The Talisman Ring is like a Comic Opera

Having read seven novels of Georgette Heyer, in my quest to gradually work through all of her novels, I already knew that her volumes sparkled with wit, not unlike Jane Austen’s. 

However, this novel is the funniest I’ve experienced. It reminds me of those eighteenth century comic operas like Mozart’s Abduction from the Seraglio, which has a cast of bandits, strong female characters, and an abduction scene. In THE TALISMAN RING we have a band of smugglers, strong female characters, and a murder to be solved.

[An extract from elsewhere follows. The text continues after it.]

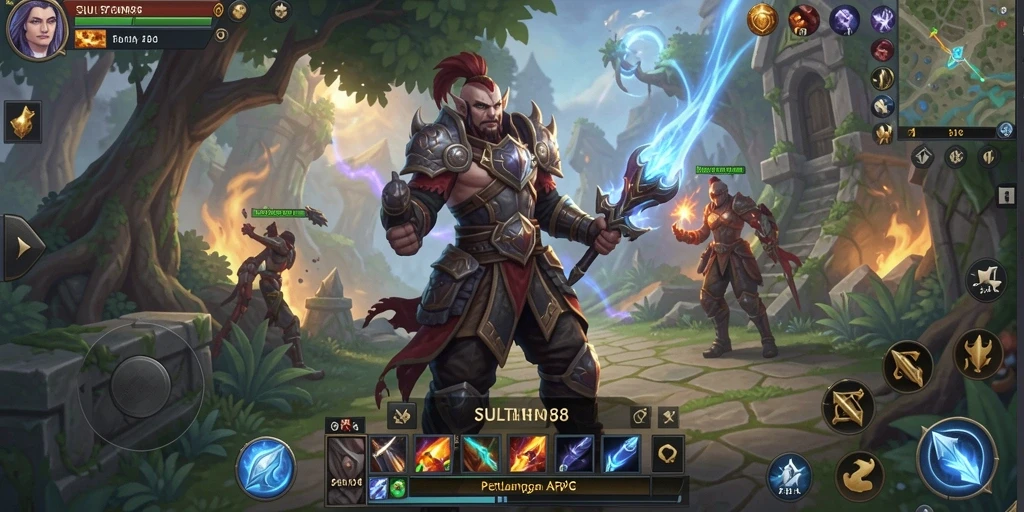 Gameplay seru dan grafis memukau dalam SULTAN88.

When Sylvester, Baron Lavenham lies dying at the great old age of eighty in 1793, he exacts a promise from his great-nephew Sir Tristram Shield to marry his granddaughter Eustacie de Vaubon. 

Poor Eustacie is a scion of a French noble family and had looked forward to a splendid match with a French duke. Alas, the French Revolution interrupted her dreams, and she was obliged to leave France with her maternal grandfather Sylvester to live in the less exciting atmosphere of England.

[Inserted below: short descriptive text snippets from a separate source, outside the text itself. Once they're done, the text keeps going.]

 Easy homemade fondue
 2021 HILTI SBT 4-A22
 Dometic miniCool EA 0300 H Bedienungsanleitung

Eustacie, being French, understands very well what a mariage de convenance means. There is to be no love within such a union. The couple will tolerate each other until the arrival of the heir and spare, and then they will go their separate ways, finding lovers amongst other married couples of the British aristocracy. 

But Eustacie is a spirited 18-year-old who has read rather too many of Mrs. Radcliffe’s novels (satirized in Jane Austen’s Northanger Abbey) to be content with such an emotionally arid arrangement. She wants to marry for love, and so instead of allowing her fiancé Sir Tristram to “carry her off” to Bath where she can play endless games of backgammon with his dear mama, she escapes one night and…falls in with a den of thieves. 

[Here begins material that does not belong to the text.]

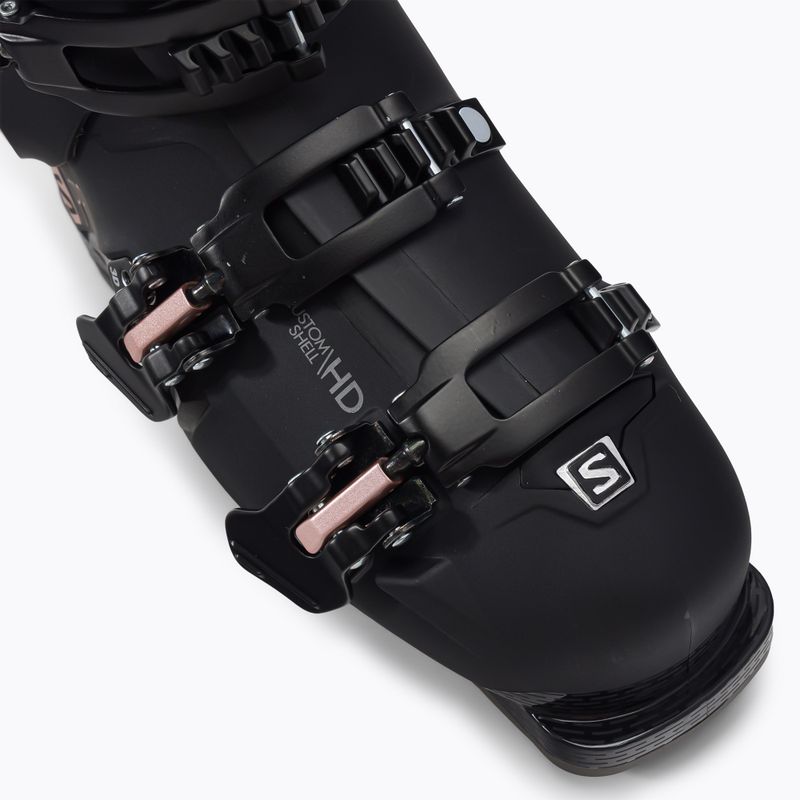 Черевики лижні жіночі Salomon S/Pro 90 W GW чорні L41486200 7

But all is not as it seems. Although some of these men are rough, and one of them wants to strangle her, the leader of this little band turns out to be her “romantic” cousin Ludovic, the Lost Heir to the Lavenham estate.

Ludovic is not supposed to be lurking in the depths of the Sussex woods. He is not even supposed to be in England as there is a price on his head because most think he murdered someone. But Ludovic is one of those people we would now describe as “thrill seekers.” He is completely unfazed by the danger he faces, and like many a young man in his early twenties takes rather too many risks. It is only thanks to his strong-minded friends and relatives than he manages to avoid the gallows.

If you are intrigued, and want to read an early novel of Georgette Heyer’s that blends romantic comedy with thriller, you should definitely read THE TALISMAN RING. Five stars.